Wir stiegen in Gabes Auto ein und während wir zum Cafe fuhren, erzählte ihm Janet von ihrem gestrigen Abend. "... und dann war da diese schreckliche Dame beim Eintritt. Ich sage es dir: einfach schrecklich! Sie hatte ganz faltige Haut und Fingernägel, fast so lang wie meine Nase waren! Und dazu hatte sie sie schwarz lackiert. Aber der grösste Teil des Lackes war schon abgesplittert..." Nach einer Weile hörte ich dem Gespräch gar nicht mehr zu und wendete mich dem laufenden Radio. "... nach langer Arbeit auf der Autobahn in Richtung Valley Stream konnte der umgekippte LKW wieder hochgehoben und der Fahrer in Sicherheit gebracht werden..." "Valley Stream, Valley Stream, Valley Stream... Irgendwie kam mir das bekannt vor..." Dann fiel es mir wieder ein. Letztes Jahr hatte ich in einem Buch davon gelesen. Ein Dorf, circa 30 000 Einwohner. Dort würde ich gerne mal hin. Einfach mal weg aus dieser Grossstadt und vorallem mal weg von Brigitte. Johnny müsste natürlich mitkommen. Brigitte wäre dann zwar wieder alleine, aber ich glaube daran ist schon gewohnt. Sie hat schon neun Ex-Männer. Ich meine, welche Frau hat schon neun Ex-Männer. Mit einem war sie sogar nur drei Tage lang verheiratet. Und alle davon waren natürlich Milliardäre. Und das komischste daran ist, dass ich an keiner der neun Hochzeiten jemals eingeladen wurde. Sie hatte immer eine gute Ausrede dafür, dass ich nicht kommen sollte. Einmal hat sie sogar gesagt:" Es bräuchte jemanden der auf das Haus aufpasse." Aber ehrlich gesagt stört es mich gar nicht, dass ich nie eingeladen wurde. Sonst hätte ich mir ein neues Kleid kaufen müssen, ihnen sogar ein Geschenk machen sollen oder aber für die beiden Turteltäubchen ein romantische Rede halten. Ich glaube, ich hätte mich dann auf der Bühne vor Ekel übergeben müssen, wenn sie sich dann küssten und Brigitte mir einen Luftkuss gesendet hätte. Einfach ekelhaft!
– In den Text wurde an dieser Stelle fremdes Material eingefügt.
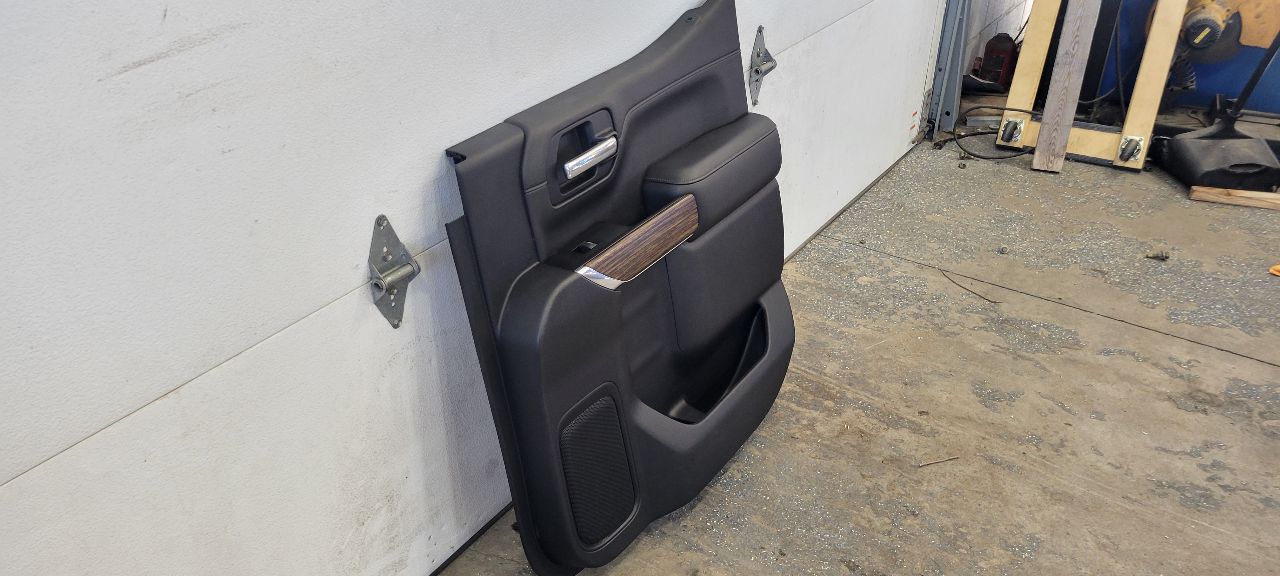 2019 SILVRDO15 RH REAR DOOR PANEL TRIM HC CREW CAB 30350 - image 4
Meine Gedanken wurden von Janet unterbrochen:" Sag mal Beccy, in welche Klasse gehst du denn eigentlich?"

"Ich habe letztes Jahr die 12. Klasse abgeschlossen. Und ihr?"

"Wir gehen dieses Jahr aufs College", sagte Gabe und grinste mich über den Spiegel an.

Na toll! Alle haben schon Pläne für die Zukunft nur ich nicht. Wenigstens weiss ich etwas über meine Zukunft: Ich werde von hier weggehen. Und Johnny werde ich mitnehmen.